We visited the turtles and a pond full of goldfish, and took pictures of some really beautiful picturesque spots just scattered around the zoo that I'm pretty convinced should be on some jigsaw puzzle somewhere
Liz and I had gone all the way around the vaguely ring-shaped park and realized we'd missed the frogs, and went all the way back around. Oscar followed us; I guess we were the last ones. Turns out there was only one frog and you pretty much couldn't see him anyway. I felt really bad that we'd held up the whole excursion for that. Pretty soon we were all back on the bus and Manuel had brought a tiny iguana to show us. It was really little and really cute and incredibly green. Oscar brought it up and down the isle of the bus, we took pictures, and then we were on our way.

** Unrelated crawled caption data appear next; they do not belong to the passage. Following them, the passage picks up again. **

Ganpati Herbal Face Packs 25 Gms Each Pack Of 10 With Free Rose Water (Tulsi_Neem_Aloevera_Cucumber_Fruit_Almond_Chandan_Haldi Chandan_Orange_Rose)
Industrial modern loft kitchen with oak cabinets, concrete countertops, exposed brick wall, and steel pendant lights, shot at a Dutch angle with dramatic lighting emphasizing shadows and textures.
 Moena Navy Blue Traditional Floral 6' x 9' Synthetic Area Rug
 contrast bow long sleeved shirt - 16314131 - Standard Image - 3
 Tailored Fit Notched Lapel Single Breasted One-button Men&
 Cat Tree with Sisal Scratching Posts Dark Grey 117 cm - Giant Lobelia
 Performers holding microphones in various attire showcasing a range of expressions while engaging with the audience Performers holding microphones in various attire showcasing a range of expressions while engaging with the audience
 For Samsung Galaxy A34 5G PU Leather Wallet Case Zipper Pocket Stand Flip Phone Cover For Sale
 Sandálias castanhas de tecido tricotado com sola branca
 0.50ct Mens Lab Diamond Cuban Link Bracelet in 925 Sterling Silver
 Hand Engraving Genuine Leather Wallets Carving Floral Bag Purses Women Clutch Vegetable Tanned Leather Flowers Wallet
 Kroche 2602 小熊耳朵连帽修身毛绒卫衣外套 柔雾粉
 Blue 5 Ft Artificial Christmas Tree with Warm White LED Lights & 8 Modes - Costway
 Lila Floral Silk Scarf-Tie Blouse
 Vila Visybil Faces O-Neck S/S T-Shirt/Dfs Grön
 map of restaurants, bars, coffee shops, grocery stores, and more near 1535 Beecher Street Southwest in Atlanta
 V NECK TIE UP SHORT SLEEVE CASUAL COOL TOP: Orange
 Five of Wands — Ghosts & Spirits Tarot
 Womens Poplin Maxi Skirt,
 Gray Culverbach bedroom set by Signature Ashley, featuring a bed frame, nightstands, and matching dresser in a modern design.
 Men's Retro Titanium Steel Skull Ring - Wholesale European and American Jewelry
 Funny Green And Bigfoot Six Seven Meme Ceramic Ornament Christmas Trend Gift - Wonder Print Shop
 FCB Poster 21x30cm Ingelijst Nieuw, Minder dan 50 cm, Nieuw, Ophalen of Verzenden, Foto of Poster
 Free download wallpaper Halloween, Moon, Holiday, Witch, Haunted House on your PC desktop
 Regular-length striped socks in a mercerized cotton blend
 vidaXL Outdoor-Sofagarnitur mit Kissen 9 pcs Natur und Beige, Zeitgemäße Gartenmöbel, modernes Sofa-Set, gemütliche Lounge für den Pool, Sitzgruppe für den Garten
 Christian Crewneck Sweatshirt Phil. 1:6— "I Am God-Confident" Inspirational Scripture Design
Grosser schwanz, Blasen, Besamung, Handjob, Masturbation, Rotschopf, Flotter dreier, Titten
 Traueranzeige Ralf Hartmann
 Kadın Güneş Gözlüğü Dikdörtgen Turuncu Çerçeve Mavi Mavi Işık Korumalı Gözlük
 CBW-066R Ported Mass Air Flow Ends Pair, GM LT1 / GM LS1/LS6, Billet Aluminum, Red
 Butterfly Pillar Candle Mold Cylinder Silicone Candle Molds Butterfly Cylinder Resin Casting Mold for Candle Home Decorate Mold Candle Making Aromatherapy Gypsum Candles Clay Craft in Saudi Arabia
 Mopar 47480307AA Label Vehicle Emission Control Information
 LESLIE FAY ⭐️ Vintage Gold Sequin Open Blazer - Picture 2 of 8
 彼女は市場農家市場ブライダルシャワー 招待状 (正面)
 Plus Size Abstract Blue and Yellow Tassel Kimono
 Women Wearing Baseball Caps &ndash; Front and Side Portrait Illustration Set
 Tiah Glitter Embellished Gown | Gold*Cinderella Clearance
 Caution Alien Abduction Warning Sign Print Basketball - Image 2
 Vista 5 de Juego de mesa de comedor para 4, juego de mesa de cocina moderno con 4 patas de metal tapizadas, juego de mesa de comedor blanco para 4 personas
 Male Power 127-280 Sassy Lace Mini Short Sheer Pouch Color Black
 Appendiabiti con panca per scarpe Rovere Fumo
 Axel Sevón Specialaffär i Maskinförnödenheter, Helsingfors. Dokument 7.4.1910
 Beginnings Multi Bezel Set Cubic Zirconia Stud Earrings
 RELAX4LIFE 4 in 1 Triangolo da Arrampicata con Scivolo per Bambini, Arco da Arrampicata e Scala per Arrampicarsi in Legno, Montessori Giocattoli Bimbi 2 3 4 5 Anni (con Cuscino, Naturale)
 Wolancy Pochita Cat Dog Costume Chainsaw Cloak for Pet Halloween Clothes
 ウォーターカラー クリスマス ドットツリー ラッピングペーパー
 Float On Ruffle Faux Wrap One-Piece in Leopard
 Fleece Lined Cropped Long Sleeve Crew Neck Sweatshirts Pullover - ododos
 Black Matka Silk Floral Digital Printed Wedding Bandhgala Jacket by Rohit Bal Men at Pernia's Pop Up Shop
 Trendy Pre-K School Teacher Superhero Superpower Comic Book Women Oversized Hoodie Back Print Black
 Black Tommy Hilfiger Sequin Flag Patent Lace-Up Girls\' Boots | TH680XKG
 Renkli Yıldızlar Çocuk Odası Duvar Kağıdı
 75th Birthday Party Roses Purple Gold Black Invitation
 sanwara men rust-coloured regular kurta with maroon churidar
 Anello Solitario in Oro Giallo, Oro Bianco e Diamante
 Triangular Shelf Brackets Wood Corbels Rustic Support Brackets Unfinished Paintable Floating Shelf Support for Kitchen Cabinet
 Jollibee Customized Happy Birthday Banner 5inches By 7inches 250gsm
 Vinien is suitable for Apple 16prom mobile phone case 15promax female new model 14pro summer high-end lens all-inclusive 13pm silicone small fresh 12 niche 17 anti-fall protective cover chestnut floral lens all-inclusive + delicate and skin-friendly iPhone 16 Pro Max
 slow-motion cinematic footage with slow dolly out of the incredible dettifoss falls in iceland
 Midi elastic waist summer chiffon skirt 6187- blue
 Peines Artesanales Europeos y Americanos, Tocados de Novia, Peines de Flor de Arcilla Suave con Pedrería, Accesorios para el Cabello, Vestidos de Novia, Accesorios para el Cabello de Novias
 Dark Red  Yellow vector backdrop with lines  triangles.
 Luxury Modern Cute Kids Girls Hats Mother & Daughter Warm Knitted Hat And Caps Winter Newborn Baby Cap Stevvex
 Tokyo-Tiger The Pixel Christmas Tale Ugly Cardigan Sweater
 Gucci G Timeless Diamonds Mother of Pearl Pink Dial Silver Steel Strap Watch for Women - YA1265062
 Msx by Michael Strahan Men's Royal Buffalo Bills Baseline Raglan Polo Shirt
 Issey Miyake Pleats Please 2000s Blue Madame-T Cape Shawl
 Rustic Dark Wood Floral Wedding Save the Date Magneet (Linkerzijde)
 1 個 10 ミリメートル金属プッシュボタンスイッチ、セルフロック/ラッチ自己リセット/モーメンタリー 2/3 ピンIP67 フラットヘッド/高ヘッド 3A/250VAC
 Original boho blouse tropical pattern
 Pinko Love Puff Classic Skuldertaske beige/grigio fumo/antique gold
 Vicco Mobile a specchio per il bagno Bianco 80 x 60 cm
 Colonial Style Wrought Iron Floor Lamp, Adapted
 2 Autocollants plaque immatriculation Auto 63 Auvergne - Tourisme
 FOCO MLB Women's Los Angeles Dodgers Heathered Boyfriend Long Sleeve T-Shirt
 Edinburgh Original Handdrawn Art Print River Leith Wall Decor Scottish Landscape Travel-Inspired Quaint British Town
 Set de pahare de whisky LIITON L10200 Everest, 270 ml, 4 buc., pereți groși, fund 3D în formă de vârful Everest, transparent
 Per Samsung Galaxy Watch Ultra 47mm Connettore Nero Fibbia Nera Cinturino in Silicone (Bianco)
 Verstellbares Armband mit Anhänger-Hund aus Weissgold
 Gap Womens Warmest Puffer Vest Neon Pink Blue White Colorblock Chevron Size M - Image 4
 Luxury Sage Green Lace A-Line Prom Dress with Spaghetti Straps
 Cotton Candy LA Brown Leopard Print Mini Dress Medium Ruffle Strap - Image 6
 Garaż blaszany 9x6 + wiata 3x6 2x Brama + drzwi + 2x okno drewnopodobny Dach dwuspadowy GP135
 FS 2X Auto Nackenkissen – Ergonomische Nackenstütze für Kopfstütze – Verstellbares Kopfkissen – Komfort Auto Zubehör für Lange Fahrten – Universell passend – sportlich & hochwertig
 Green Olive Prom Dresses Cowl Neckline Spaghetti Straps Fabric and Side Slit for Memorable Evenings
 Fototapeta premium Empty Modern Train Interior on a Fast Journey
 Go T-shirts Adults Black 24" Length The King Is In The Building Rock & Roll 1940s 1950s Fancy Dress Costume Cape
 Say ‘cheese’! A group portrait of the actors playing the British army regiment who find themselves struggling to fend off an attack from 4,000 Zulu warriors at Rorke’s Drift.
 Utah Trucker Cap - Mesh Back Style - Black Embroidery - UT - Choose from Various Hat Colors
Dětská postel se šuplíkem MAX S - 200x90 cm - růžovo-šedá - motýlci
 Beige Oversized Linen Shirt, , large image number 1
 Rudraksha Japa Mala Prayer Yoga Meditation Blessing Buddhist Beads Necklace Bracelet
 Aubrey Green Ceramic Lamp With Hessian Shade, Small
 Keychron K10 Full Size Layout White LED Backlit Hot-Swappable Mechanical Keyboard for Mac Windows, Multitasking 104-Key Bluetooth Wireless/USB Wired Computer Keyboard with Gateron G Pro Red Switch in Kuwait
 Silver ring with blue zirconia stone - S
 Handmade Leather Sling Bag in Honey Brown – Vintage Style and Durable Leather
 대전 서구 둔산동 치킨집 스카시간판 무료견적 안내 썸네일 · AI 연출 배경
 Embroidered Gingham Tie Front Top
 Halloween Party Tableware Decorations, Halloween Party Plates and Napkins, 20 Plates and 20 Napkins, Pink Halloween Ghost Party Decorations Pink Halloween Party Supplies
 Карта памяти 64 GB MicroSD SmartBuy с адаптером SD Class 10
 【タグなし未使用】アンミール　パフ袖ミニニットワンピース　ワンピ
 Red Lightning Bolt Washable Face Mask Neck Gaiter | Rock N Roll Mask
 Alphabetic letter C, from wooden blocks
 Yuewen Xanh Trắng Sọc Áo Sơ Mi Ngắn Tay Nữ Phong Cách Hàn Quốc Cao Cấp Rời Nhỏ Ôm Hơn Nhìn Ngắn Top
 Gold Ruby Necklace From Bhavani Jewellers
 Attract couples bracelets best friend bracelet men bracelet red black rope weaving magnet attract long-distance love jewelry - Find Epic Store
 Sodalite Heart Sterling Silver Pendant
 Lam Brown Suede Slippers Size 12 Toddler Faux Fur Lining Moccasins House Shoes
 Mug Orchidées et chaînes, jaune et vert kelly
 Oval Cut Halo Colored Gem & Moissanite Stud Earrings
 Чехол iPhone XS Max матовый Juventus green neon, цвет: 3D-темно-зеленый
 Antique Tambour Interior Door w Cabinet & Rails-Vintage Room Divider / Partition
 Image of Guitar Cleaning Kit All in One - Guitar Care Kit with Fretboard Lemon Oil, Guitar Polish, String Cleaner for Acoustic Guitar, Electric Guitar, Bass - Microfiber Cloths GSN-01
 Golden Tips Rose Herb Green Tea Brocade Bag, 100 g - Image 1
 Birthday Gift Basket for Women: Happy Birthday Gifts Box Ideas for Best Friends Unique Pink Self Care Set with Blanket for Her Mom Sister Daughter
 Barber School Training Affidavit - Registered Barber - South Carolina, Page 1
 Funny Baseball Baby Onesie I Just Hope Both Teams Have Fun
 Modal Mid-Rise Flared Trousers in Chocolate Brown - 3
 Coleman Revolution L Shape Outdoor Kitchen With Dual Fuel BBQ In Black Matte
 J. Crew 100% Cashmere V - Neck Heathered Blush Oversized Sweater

Ideas of the cloud forest were thwarted once again by ideas of lunch, and we stopped at a pretty little place along the road to eat
When we were finally on the road again, Oscar explained that of our two options for rainforest experience, one of them was a long hike back into some pools that were kind of nice to maybe swim in and one was a short walk into a waterfall that he knew we would find more interesting and would give us more time for the craft market. I think he thought the craft market was what we were all there for, but we were all there for the hike. We ended up going on the short walk of course, because that was all we had time for at this point. I asked Oscar specifically if we would see orchids; his words were "of course, you're in the rainforest there are always orchids." So we get out of the car and out on to this hike, the employees caution us about the suspension bridges and hand us all walking sticks
It was probably ten minute's walk to the waterfall. It was beautiful, the walk and the waterfall both, but I've seen so many waterfalls that I was just not overwhelmed by it at all. There was this incredible blue butterfly there that was probably six inches or more across when it had its wings open. When it closed them it disappeared into the dirt because the underside of its wings was dark brown like the earth. It was really beautiful. The waterfall was nice, and someone took my picture in front of it, then I chased the butterfly around trying to get a picture and couldn't. The walk out was shorter than the walk in and just like that we were handing back our walking sticks and getting on the bus. I hadn't seen a single orchid. And believe me, I'd been really looking.
We were all sleeping on the way back, or trying to; I had a really hard time sleeping in that bus despite how tired I was and was really relieved to get back to the ship. Our arrival deadline was four o'clock; it was now almost five thirty and the ship was leaving at six. So we all rushed to get on the boat and then dispersed to dinner. I for one had dinner, shot the sunset, and went right to bed.